Is there anyone who can defend this law? I am curious becuase it seems so obviously defective from a statutory, constitutional, and public policy point of view.
How is taping the police "disrupting" them? Lot's of times they tape themselves (and then Volokh readers watch the video on youtube and debate their tactics).
We will address the more narrow issue of whether the tape recording made by a victim of his own murder must be excluded from evidence pursuant to chapter 934. ... We hold that under the circumstances of this case the subject tape recording does not fall within the statutory proscription of chapter 934.
Inciarrano went to the office of the victim and murdered him. The conversation between the victim and Inciarrano regarding a business deal in which the victim no longer wanted a part, the sound of a gun being cocked, five shots being fired by Inciarrano, several groans by the victim, the gushing of blood, and the victim falling from his chair to the floor were recorded on a tape found by the investigating officer in the victim's desk.
[...]
The district court, in the present case, correctly stated:
447 So.2d at 389.
Accordingly, we hold that because Inciarrano had no reasonable expectation of privacy, the exclusionary rule of section 934.06 does not apply.
State v. Inciarrano, 473 So.2d 1272 (Fla. 1985).
And Tony Tutins... Um, do you really need to even ask that question? "Some animals are more equal than others."
As to the second point, bizarrely enough, the statue appears to apply only to recordings that include sound. I am not aware of any attempt to apply it when there are only silent pictures that are being taken.
Well you might ask wny the statute does not apply to television stations who constantly record public events without getting explicit permission from everyone present. The answer is -- no one knows.
As I get older, I find I like to have automation help me remember, esp. in situations where the youngsters I'm working with have photographic memories. Imagine age discrimination in conflict with prohibitions of action, rather than use (of a given technology).
I suspect we could look to the courts to protect by denying submission of evidence of this character.
The funny thing that occurred to me is that it is unlawful to have an "intercepting device," defined as an apparatus which is capable of ... amplifying ... an oral communication. Thus, it is possible that all those elderly with hearing aids are nefarious criminals.

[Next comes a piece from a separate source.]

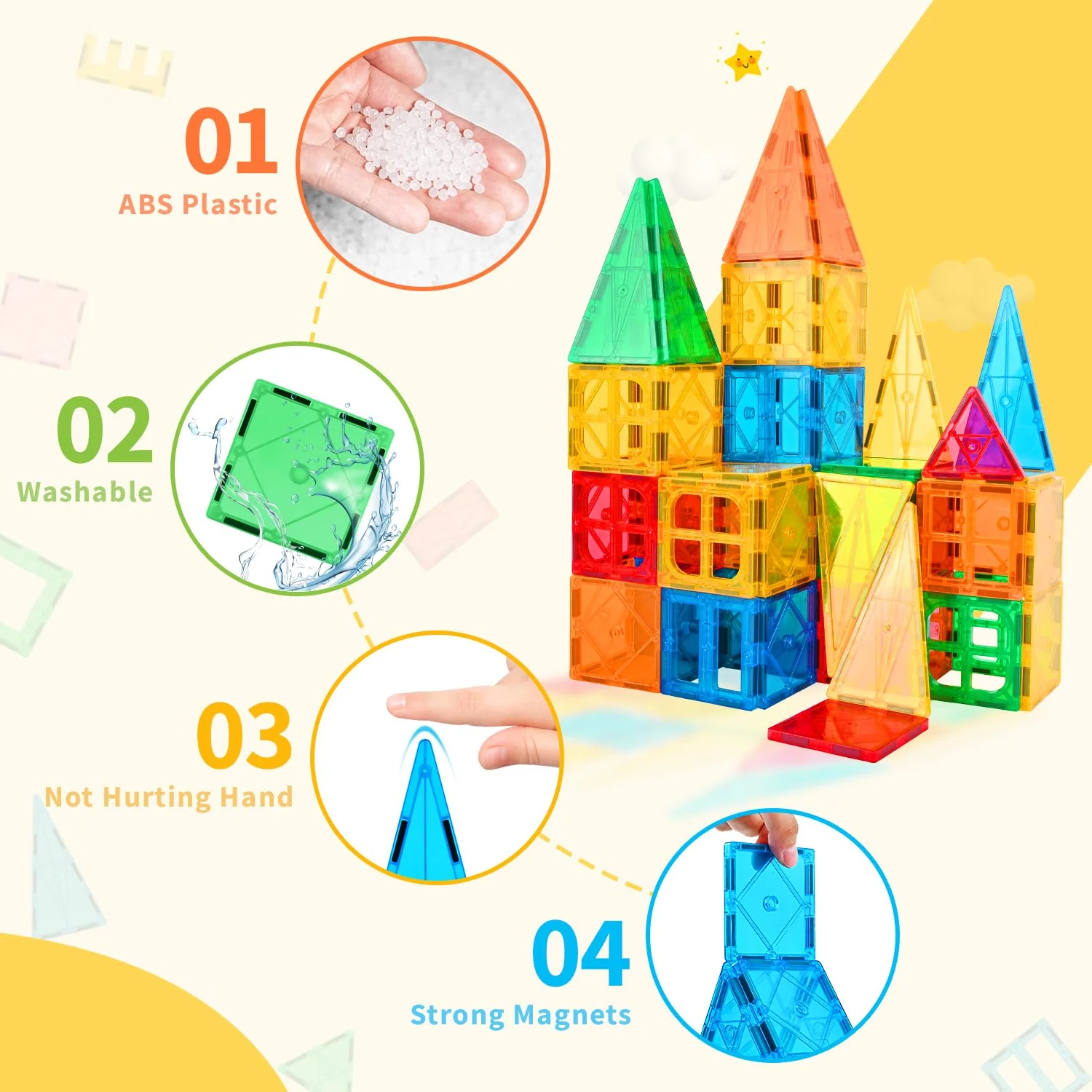 Katiago Magnetische Bausteine, 100PCS Magnetbausteine Set mit 2 Autos STEM Montessori Magnet Spielzeug Kinder für Geschenk ab 3 4 5 6 7 8 Jahre Bauklötze Kinderspielzeug - Image 6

(Although, they likely lack the with the intent to commit an "unlawful interception" and the speaker probably be deemed to have consented at any rate.)
(To be clear, I'm not contending that said unions have squelched an amendment effort, because I'm not aware that there's been any such effort. Nor would I fault the unions for saying that they opposed amendment, if that proposal were made: it would arguably be malfeasance on the part of the union leadership to say otherwise.)

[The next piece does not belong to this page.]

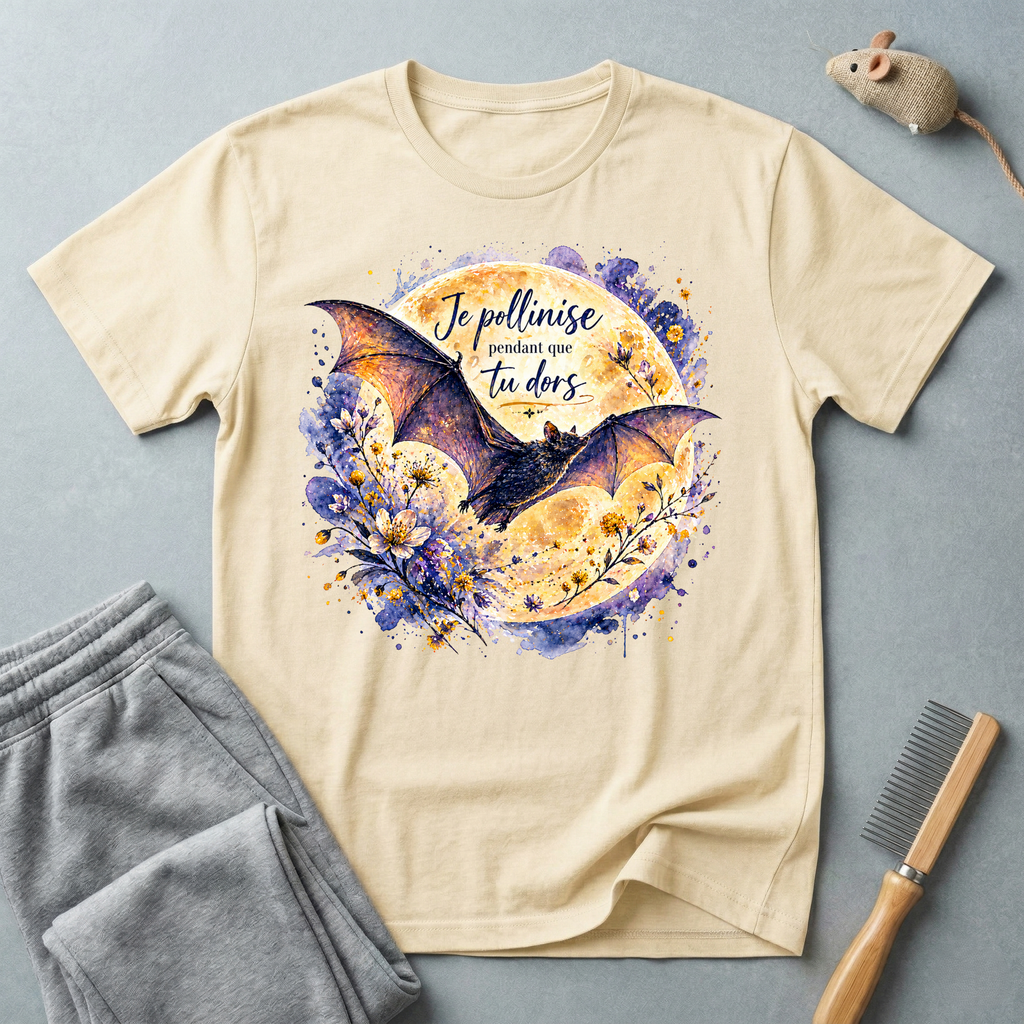 T-shirt floral chauve-souris aquarelle — «Je pollinise pendant que tu dors»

The funny thing that occurred to me is that it is unlawful to have an "intercepting device," defined as an apparatus which is capable of ... amplifying ... an oral communication. Thus, it is possible that all those elderly with hearing aids are nefarious criminals.
That's not correct:MGL 272-99(B)(3) (emphasis added).
If the privelige only dissolves with the sound of gunfire, can the DA only play what occurs after the guy is shot? Doesn't seem to be that useful of a ruling if so.
I does say that "The term 'interception' means to ... secretly record." However, secretly recording and recording without consent are different things.
Anyone know where the issue of "consent" came from if its not in the statute. Perhaps the courts have construed "secretly" to mean "without consent" ...?
Why not just post the video to You-Tube and then claim press freedom? I can't imagine that the police whoudl have any basis for arresting a news crew filming (and audio recording) the arrest. In this age of citizen journalism, record anything in public that you want, post it on You-Tube and you've got your free pass.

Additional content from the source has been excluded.